• otv
Dilip Kumar

News Highlights

  • Jani was fully unaware about the identity and profession of Siddiqui.
  • The big thing is that Siddiqui had promised to lend a helping hand to the ASHA in carrying forward the study of her daughter who was in Class X.
  • Siddiqui had once been to the remote locality in January this year to cover how Covid 19 vaccines travelled from faraway manufacturing unit to the remote villages

Koraput/Bhubaneswar: Even as condolences pour in from across the globe over the death of celebrated photo journalist Danish Siddiqui who was shot dead while covering a fierce clash between Afghan security forces and Taliban militants near a border crossing with Pakistan, a remote village in far away Koraput in Odisha which is little aware of the lens man, has also joined in chorus in paying tributes to the renowned photographer on his untimely demise. But why?

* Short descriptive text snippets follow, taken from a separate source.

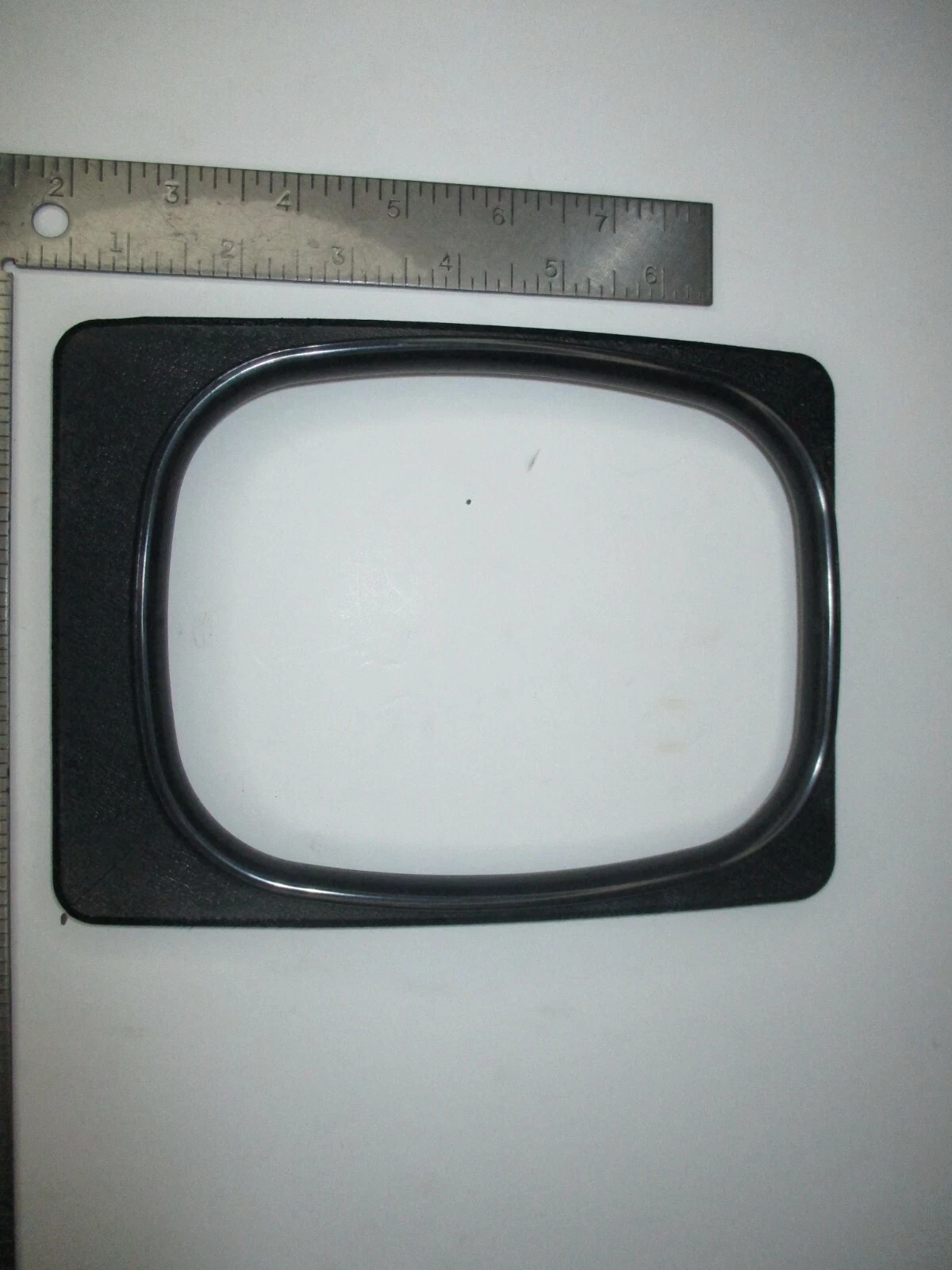 Porsche 944 924 924S Shift Boot Trim Black New 1982-1988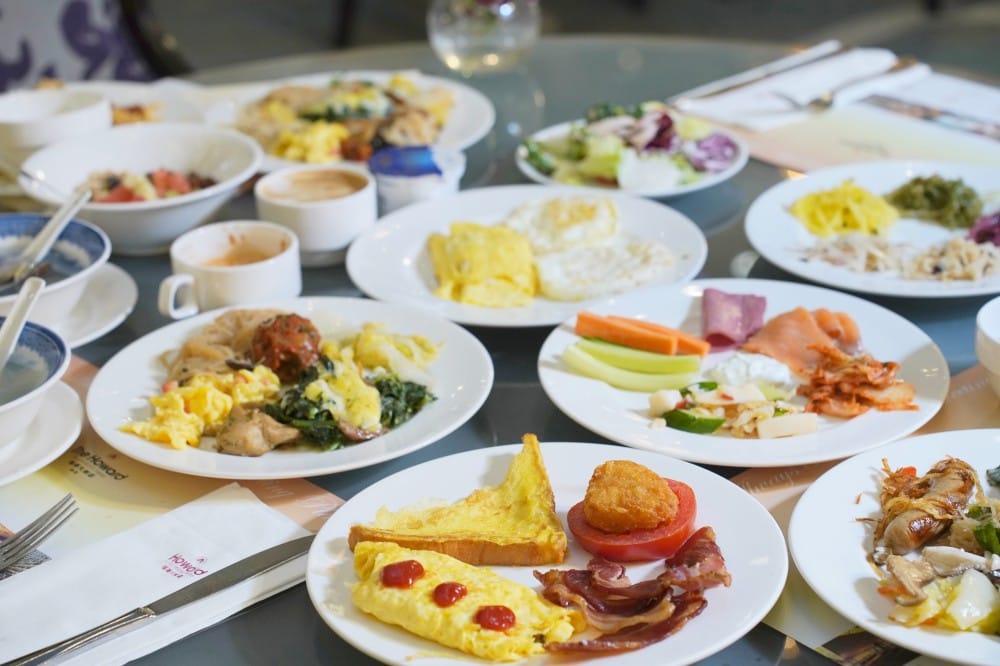 台北福華大飯自助餐吃到飽|彩虹座自助早餐吃到飽菜色大公開,台北五星級飯店早餐吃到飽推薦 - 第12張圖 台北福華大飯自助餐吃到飽|彩虹座自助早餐吃到飽菜色大公開,台北五星級飯店早餐吃到飽推薦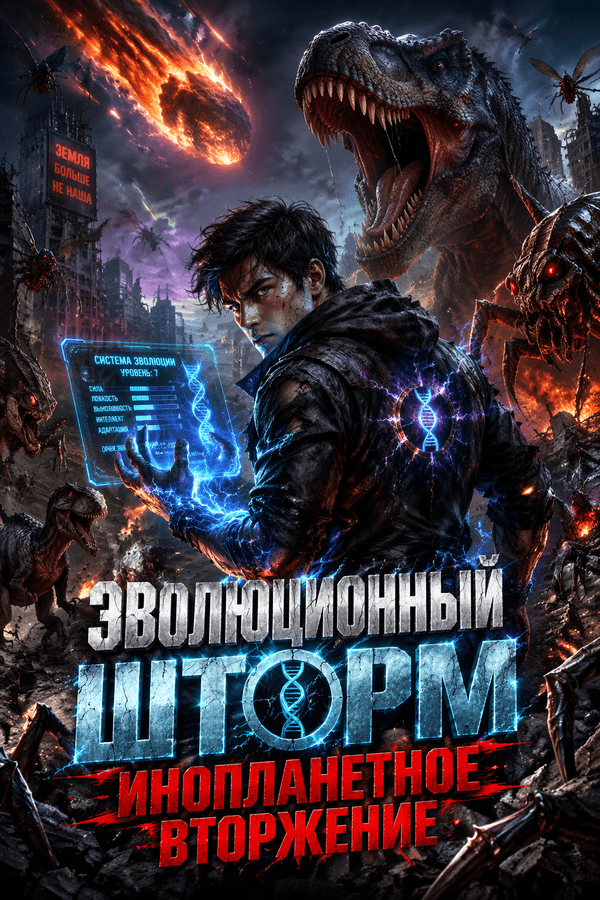 Эволюционный шторм: Инопланетное вторжение
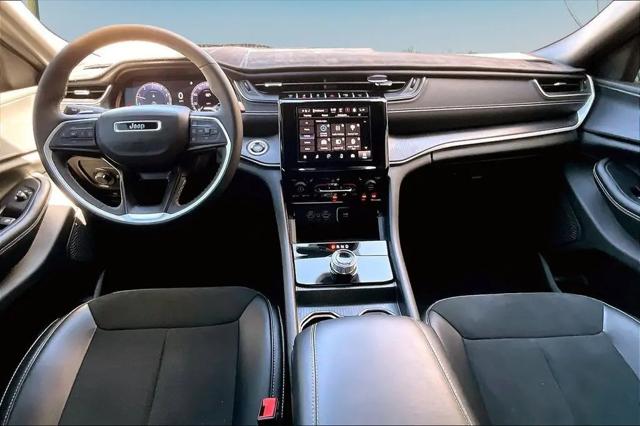2024 Jeep Grand Cherokee L Altitude X 4x4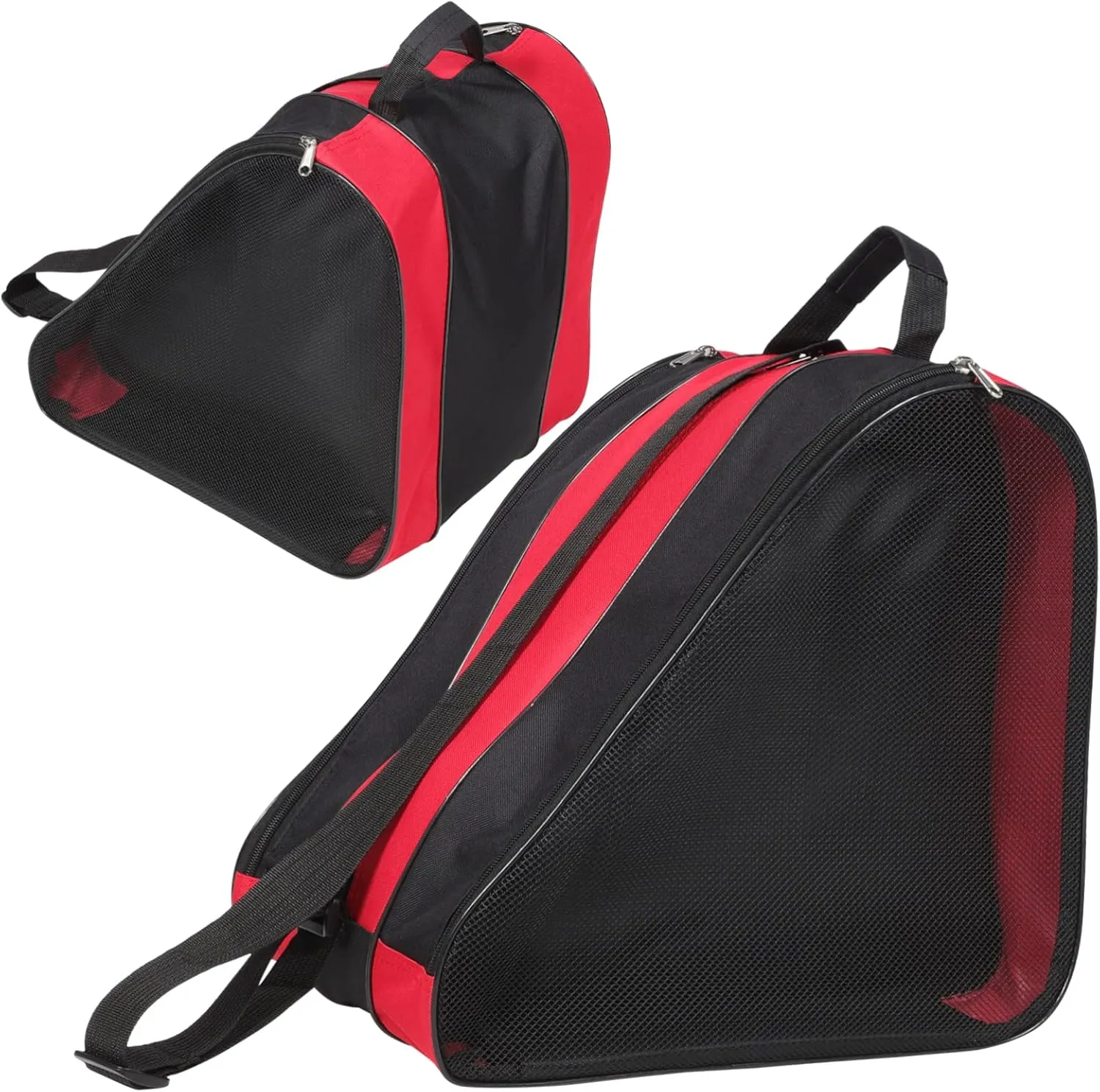 Skate Box for Roller Skates Skating Accessory Bag Shoes Holder Container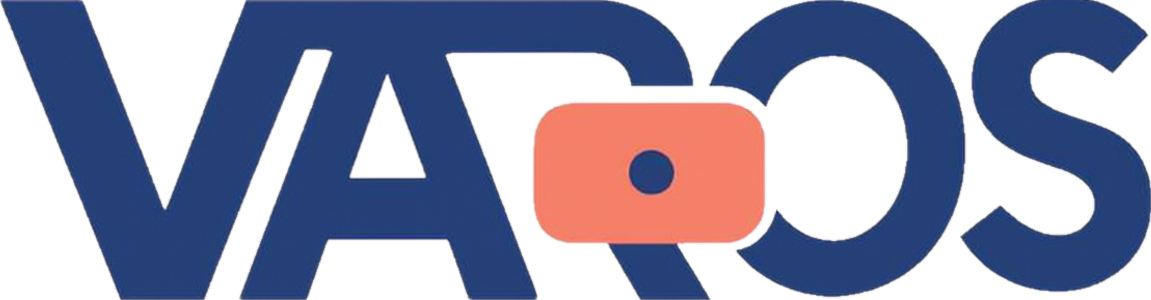 VAROS Tech Solutions Logo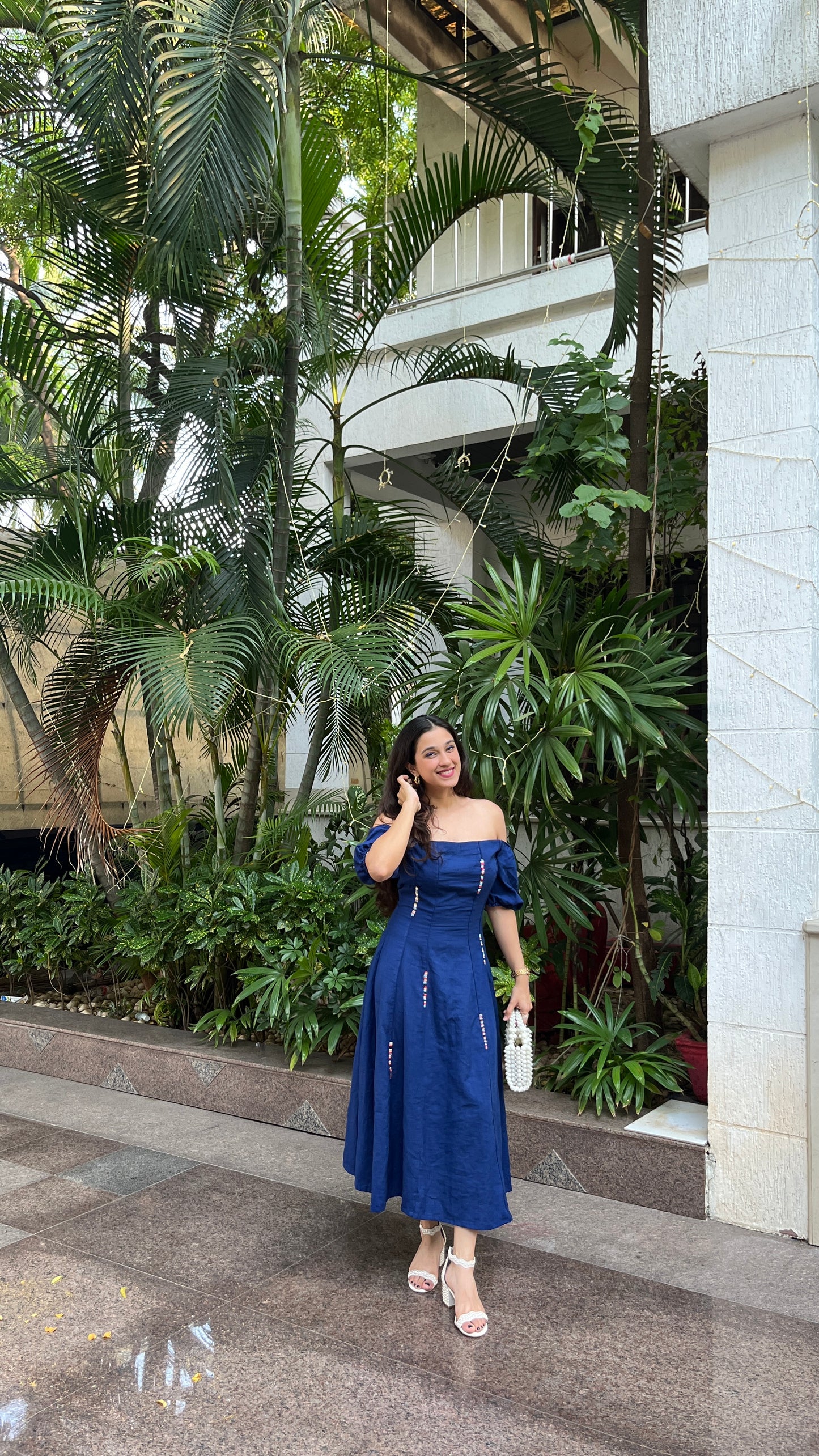 Luna Dress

To find out the reason, OTV visited the remote Pendajam village near Mathalaput in the tribal dominated district and met local ASHA worker Reena Jani, whose multiple photographs clicked by the late journalist once dominated International media space.

Jani was fully unaware about the identity and profession of Siddiqui. Little did she know that her numerous photographs shot by the journalist would become the cynosure of all eyes across the globe as a news report featuring her over Covid vaccination was published in well-known news agency Reuters.

Whatever she knew was that a Hindi-English speaking ‘Babu’ had toured her village, clicked her and surrounding photos. The big thing is that he had promised to lend a helping hand to the ASHA in carrying forward the study of her daughter who was in Class X.

“He was a nice human being. He had promised to help me out with my children’s study and told me to call him over phone at regular intervals.  I was thinking to call him once after his departure, but could not connect to him since then. How he died? a grief stricken Jani asked.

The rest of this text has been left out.